[Work to complete]:
Write the records below out in full, character for character, with no pictures.

[Data extracted from a collection]

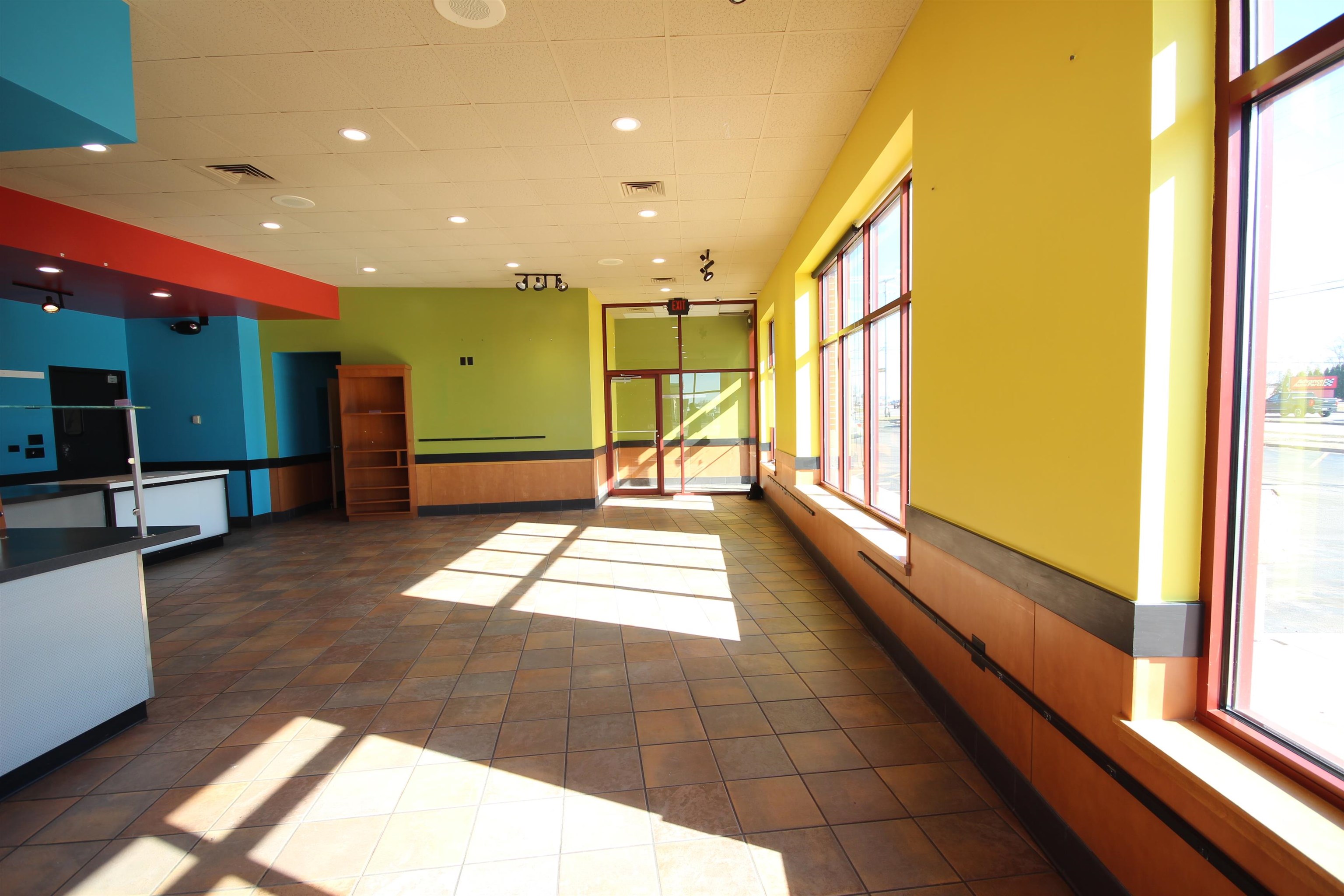 1710 N CENTRAL AVENUE, Marshfield, Wisconsin 54449, ,Commercial/industrial,For Rent,1710 N CENTRAL AVENUE,22601544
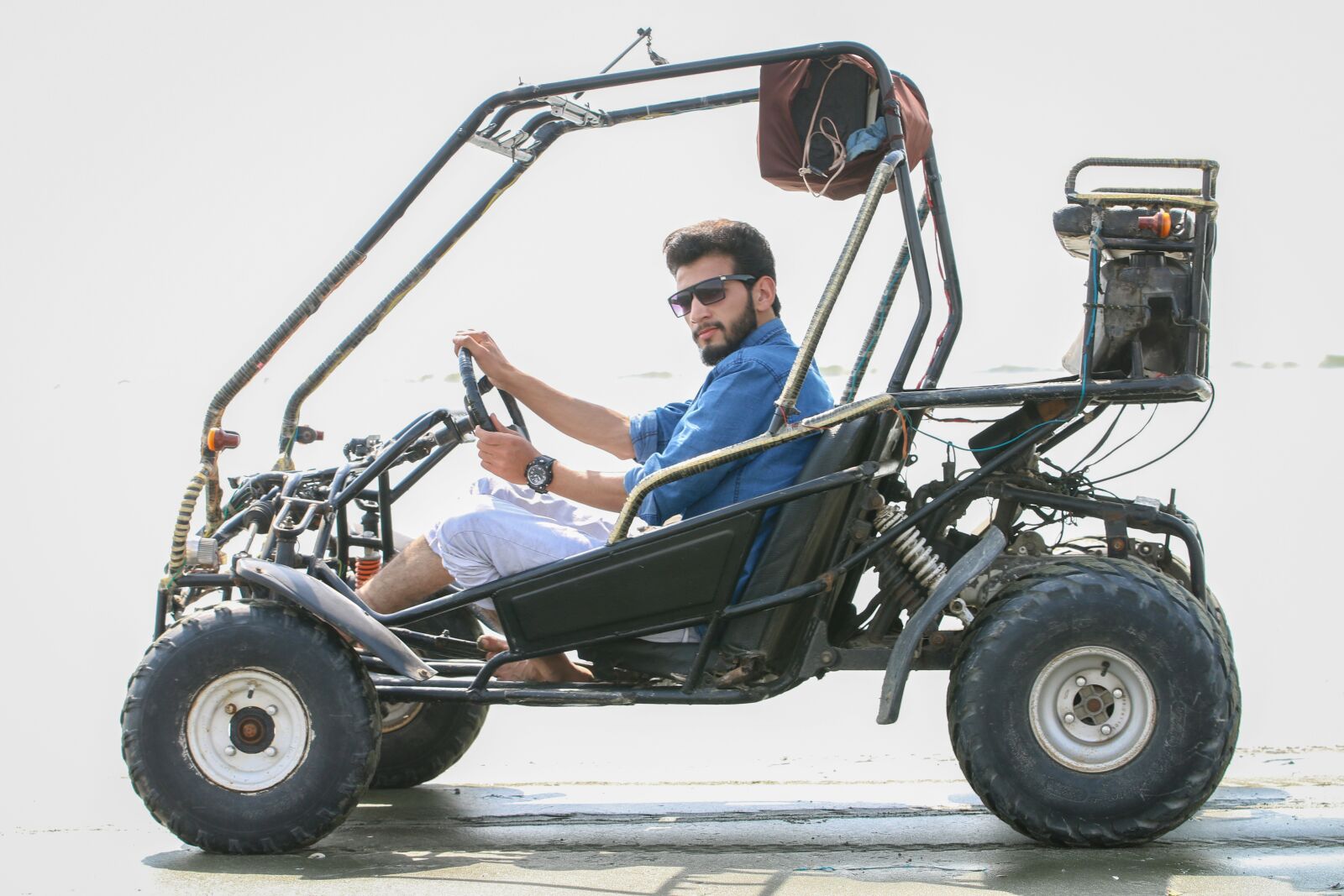 Canon EOS 70D sample photo. Vehicle, wheel, drive photography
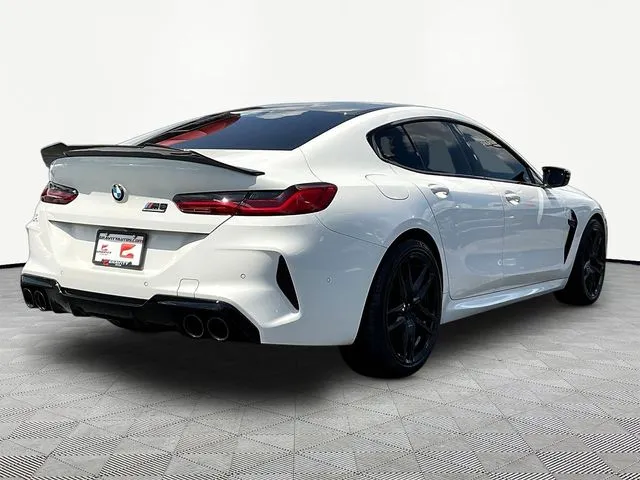 BMW M8 photo 7
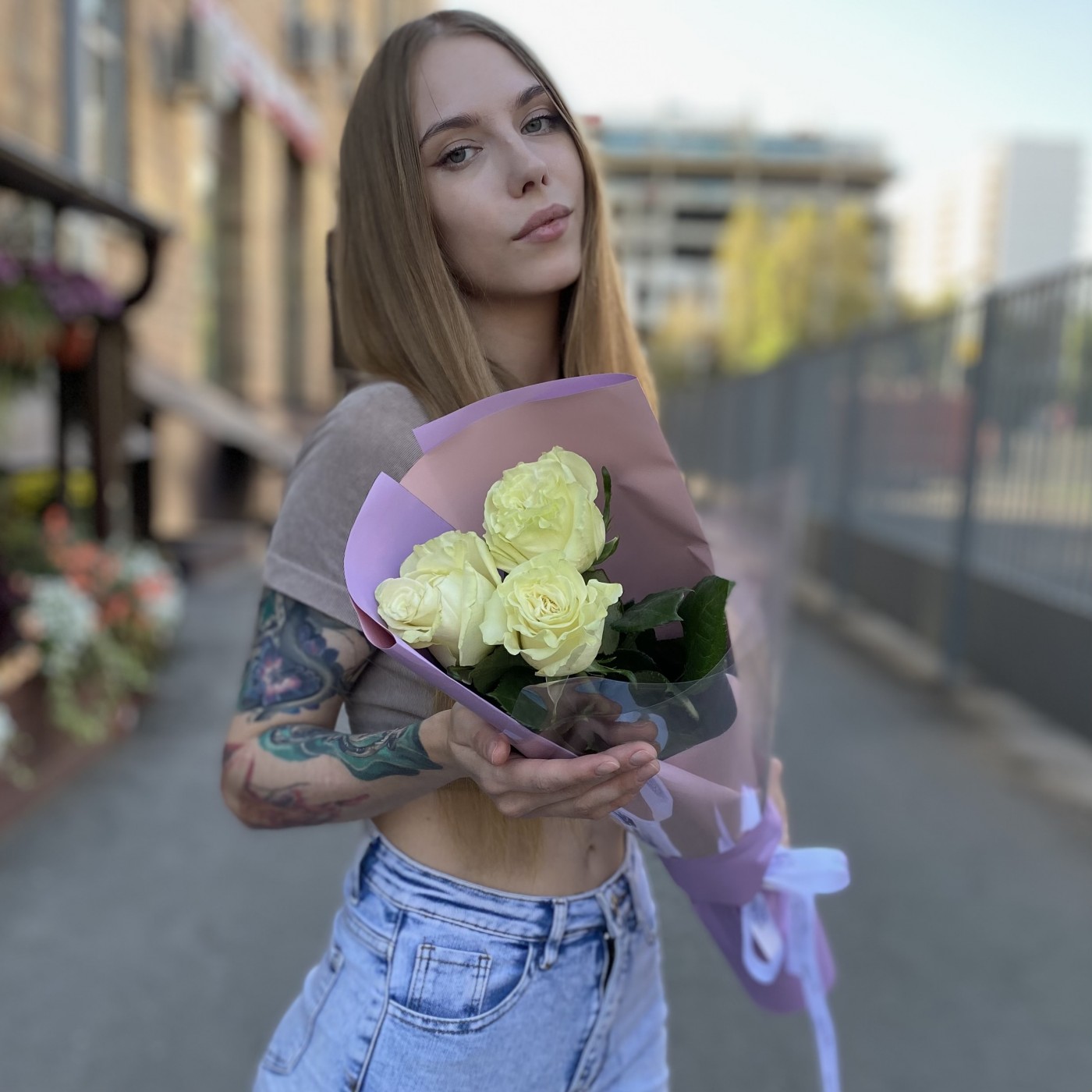 3 белые розы Мондиаль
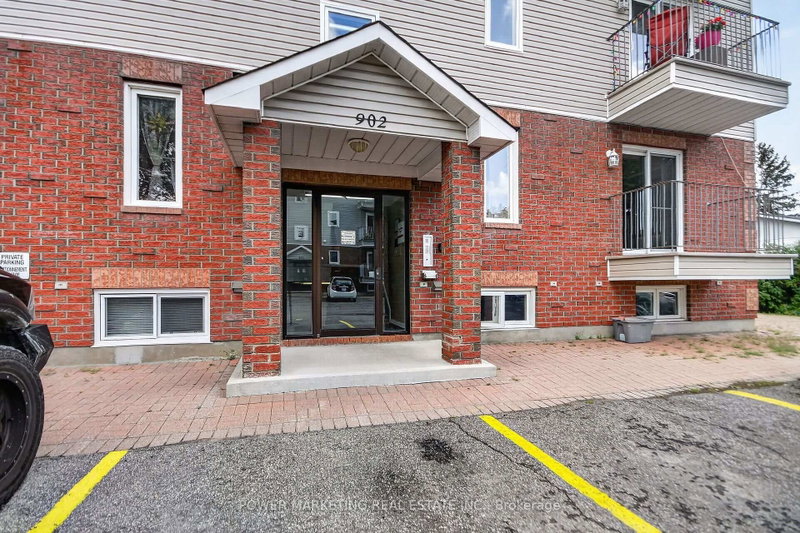 100 - 902 Notre Dame Street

[Task output]:
 1710 N CENTRAL AVENUE, Marshfield, Wisconsin 54449, ,Commercial/industrial,For Rent,1710 N CENTRAL AVENUE,22601544
 Canon EOS 70D sample photo. Vehicle, wheel, drive photography
 BMW M8 photo 7
 3 белые розы Мондиаль
 100 - 902 Notre Dame Street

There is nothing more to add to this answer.